Defining and Redefining Terrorism

Reflection 9: Covering Religion, Terrorism and Peace



This week’s class topic was religion and our assignment was to check out a documentary. I watched "Constructing the Terrorist Threat" from Deepa Kumar, a scholar on Islamophobia.


Terrorism, specifically the way that political violence is perceived, argues Kumar, is a socially constructed process. But what does a “socially constructed process” really mean?


The textbook definition of terrorism is “the unlawful use of violence and intimidation, especially against civilians, in the pursuit of political aims.” The image of terrorism, though, varies from that definition.


For starters, there is an overwhelming association of brown men with terrorism. Look up images on Google. You’ll find mostly brown men with beards, but you won’t find white men. White men who commit acts of violence and kill innocent people are not labelled terrorists.


Certainly, when people commit acts of violence, their identity plays a huge role in how the media covers them. If it’s a white person, the news is far more likely to explain the act as a result of something internal and individual, i.e. perhaps that person has a psychological problem or has had difficult life circumstances.


Take someone who is Muslim, on the other hand. Their adherence to Islam is instead used as the explanation for why.


Another significant point Kumar makes: far-right wing groups are responsible for more killing of people in the United States than Muslim American citizens or residents. In fact, you’re more likely to die from getting struck by lightning or drowning in your bathtub than be killed by a Jihadi terrorist.


Actually, you’re most likely to die from cancer, and yet trillions of dollars are spent on the War on Terror.
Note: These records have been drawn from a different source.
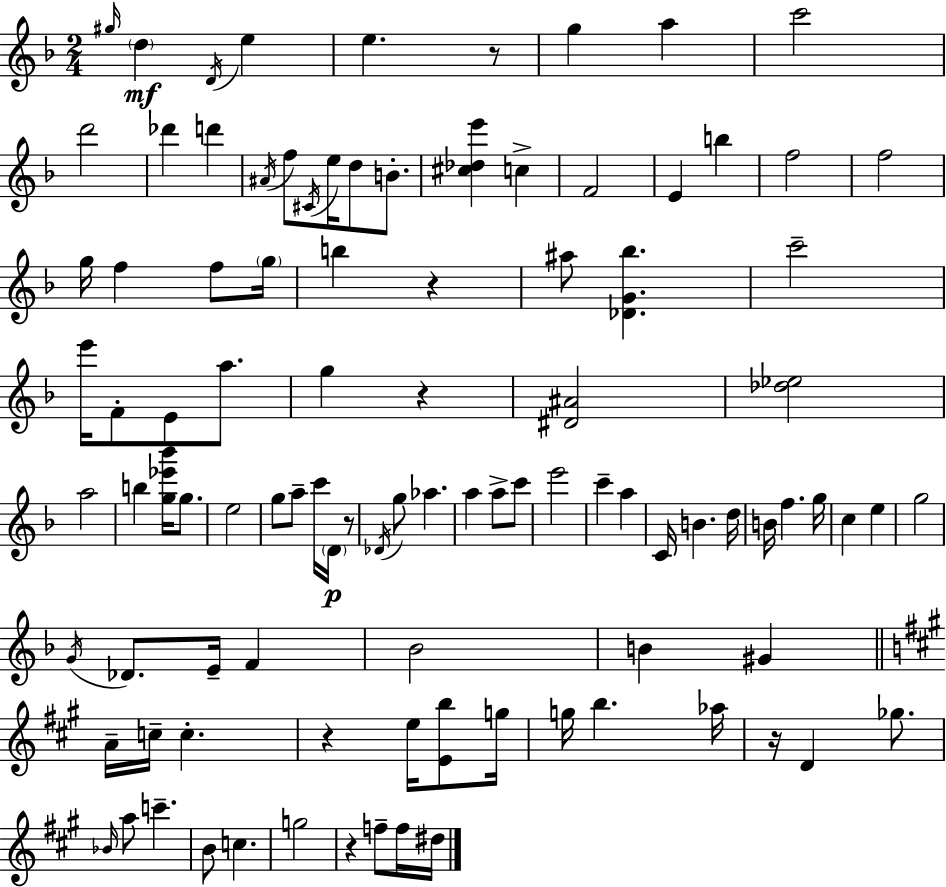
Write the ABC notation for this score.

X:1
T:Untitled
M:2/4
L:1/4
K:F
^g/4 d D/4 e e z/2 g a c'2 d'2 _d' d' ^A/4 f/2 ^C/4 e/4 d/2 B/2 [^c_de'] c F2 E b f2 f2 g/4 f f/2 g/4 b z ^a/2 [_DG_b] c'2 e'/4 F/2 E/2 a/2 g z [^D^A]2 [_d_e]2 a2 b [g_e'_b']/4 g/2 e2 g/2 a/2 c'/4 D/4 z/2 _D/4 g/2 _a a a/2 c'/2 e'2 c' a C/4 B d/4 B/4 f g/4 c e g2 G/4 _D/2 E/4 F _B2 B ^G A/4 c/4 c z e/4 [Eb]/2 g/4 g/4 b _a/4 z/4 D _g/2 _B/4 a/2 c' B/2 c g2 z f/2 f/4 ^d/4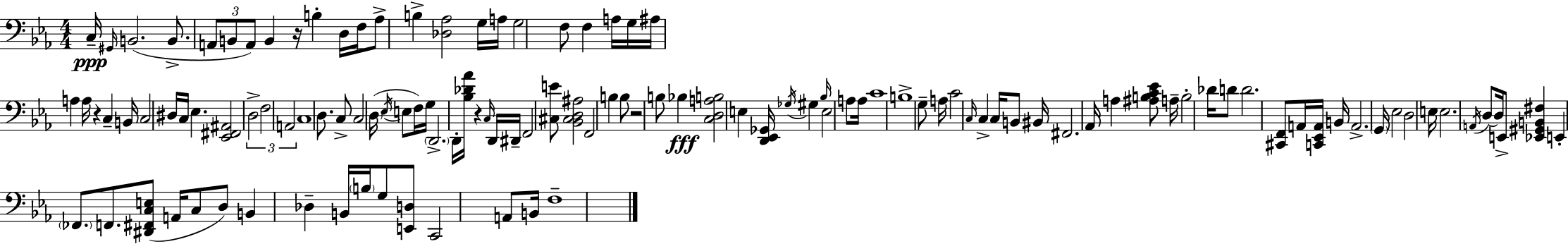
C3/s G#2/s B2/h. B2/e. A2/e B2/e A2/e B2/q R/s B3/q D3/s F3/s Ab3/e B3/q [Db3,Ab3]/h G3/s A3/s G3/h F3/e F3/q A3/s G3/s A#3/s A3/q A3/s R/q C3/q B2/s C3/h D#3/s C3/s Eb3/q. [Eb2,F#2,A#2]/h D3/h F3/h A2/h C3/w D3/e. C3/e C3/h D3/s Eb3/s E3/e F3/s G3/s D2/h. D2/s [Bb3,Db4,Ab4]/s R/q C3/s D2/s D#2/s F2/h [C#3,E4]/e [Bb2,C#3,D3,A#3]/h F2/h B3/q B3/e R/h B3/e Bb3/q [C3,D3,A3,B3]/h E3/q [D2,Eb2,Gb2]/s Gb3/s G#3/q Bb3/s E3/h A3/e A3/s C4/w B3/w G3/e A3/s C4/h C3/s C3/q C3/s B2/e BIS2/s F#2/h. Ab2/s A3/q [A#3,B3,C4,Eb4]/e A3/s B3/h Db4/s D4/e D4/h. [C#2,F2]/e A2/s [C2,Eb2,A2]/s B2/s A2/h. G2/s Eb3/h D3/h E3/s E3/h. A2/s D3/e D3/s E2/e [Eb2,G#2,B2,F#3]/q E2/q FES2/e. F2/e. [D#2,F#2,C3,E3]/e A2/s C3/e D3/e B2/q Db3/q B2/s B3/s G3/e [E2,D3]/e C2/h A2/e B2/s F3/w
Thus demonstrates Kumar’s original point: who is considered a terrorist threat is not actually an objective selection, but rather, it is socially constructed, and the media plays a significant role in that construction.


And when it is something that’s socially constructed, those associations become the way it is understood. Today, it’s understood as political violence perpetrated by Muslims and Arabs.
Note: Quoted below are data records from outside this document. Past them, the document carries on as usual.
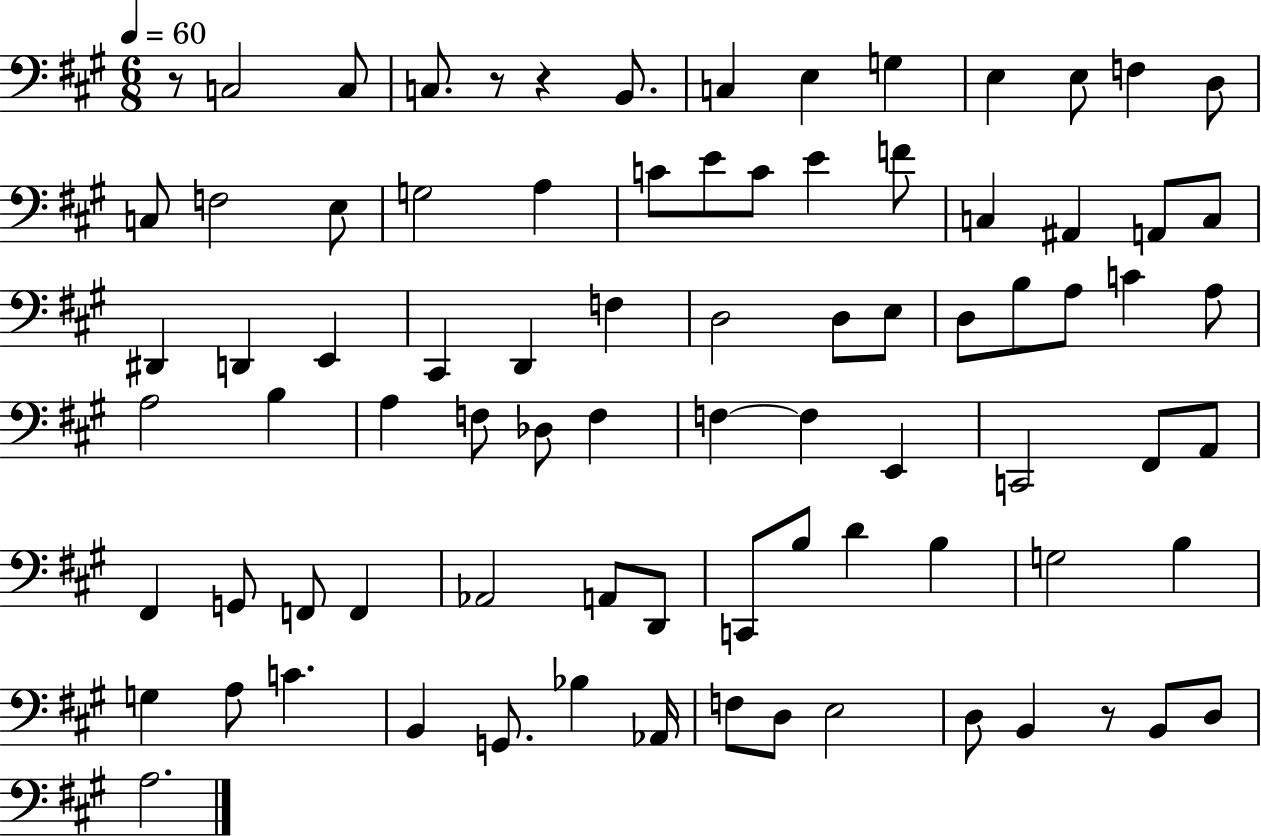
X:1
T:Untitled
M:6/8
L:1/4
K:A
z/2 C,2 C,/2 C,/2 z/2 z B,,/2 C, E, G, E, E,/2 F, D,/2 C,/2 F,2 E,/2 G,2 A, C/2 E/2 C/2 E F/2 C, ^A,, A,,/2 C,/2 ^D,, D,, E,, ^C,, D,, F, D,2 D,/2 E,/2 D,/2 B,/2 A,/2 C A,/2 A,2 B, A, F,/2 _D,/2 F, F, F, E,, C,,2 ^F,,/2 A,,/2 ^F,, G,,/2 F,,/2 F,, _A,,2 A,,/2 D,,/2 C,,/2 B,/2 D B, G,2 B, G, A,/2 C B,, G,,/2 _B, _A,,/4 F,/2 D,/2 E,2 D,/2 B,, z/2 B,,/2 D,/2 A,2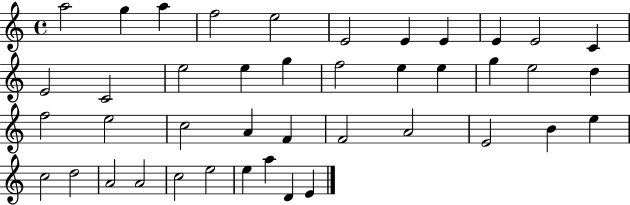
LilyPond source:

{
  \clef treble
  \time 4/4
  \defaultTimeSignature
  \key c \major
  a''2 g''4 a''4 | f''2 e''2 | e'2 e'4 e'4 | e'4 e'2 c'4 | \break e'2 c'2 | e''2 e''4 g''4 | f''2 e''4 e''4 | g''4 e''2 d''4 | \break f''2 e''2 | c''2 a'4 f'4 | f'2 a'2 | e'2 b'4 e''4 | \break c''2 d''2 | a'2 a'2 | c''2 e''2 | e''4 a''4 d'4 e'4 | \break \bar "|."
}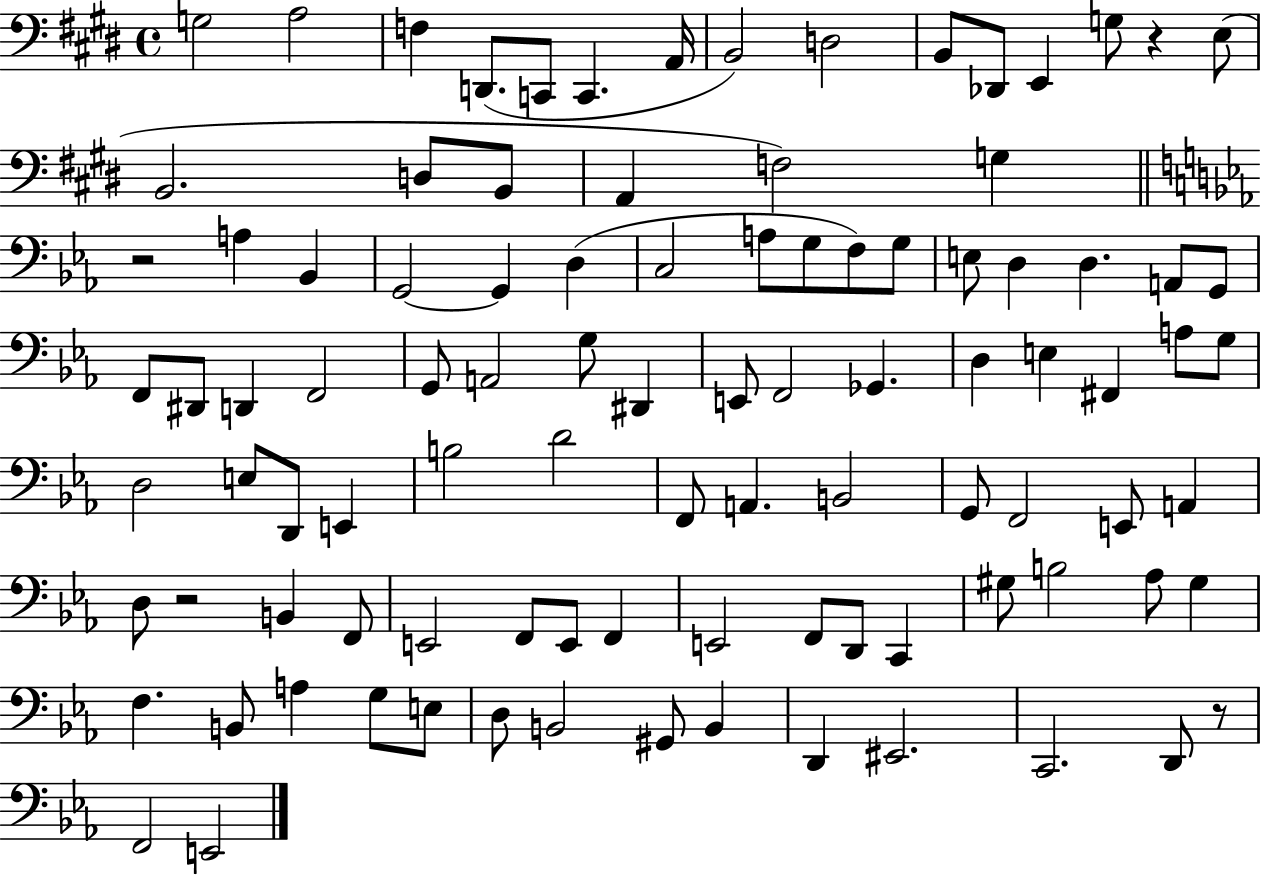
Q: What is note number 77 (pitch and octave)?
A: B3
But Muslims aren’t the first group in U.S. history to have been turned into what Kumar calls a “racialized other.” That is, creating a narrative that a racial group is a threat in order to uphold unjust systems. Native Americans, African Americans, Chinese Americans and even some white groups such as the Irish or Italians have been dehumanized and turned into racialized others throughout American history.


Actor George Takei makes a connection between former president Trump's 2017 ban on Muslims and the treatment of Japanese Americans during the Second World War. After the bombing of Pearl Harbor, all people in the United States of Japanese descent were blamed for the event; they became a racialized other.


As a result, over 100,000 Japanese Americans were put into internment camps. Takei argues that this was the same thing that is happening to Muslims, that the blaming of all terrorism on Islam is a prelude to internment.


In order to change this process of creating racialized others and defining what terrorism is and who terrorists look like, the media has to take responsibility in its coverage terrorist acts. It’s not okay for headlines to withhold “terrorist” when an act is committed by a white man.


This documentary was quite sobering and I think important for anyone considering a future as a reporter. As a potential journalist, I've learned I must be extremely cognizant of the way I treat the subjects of the stories I write.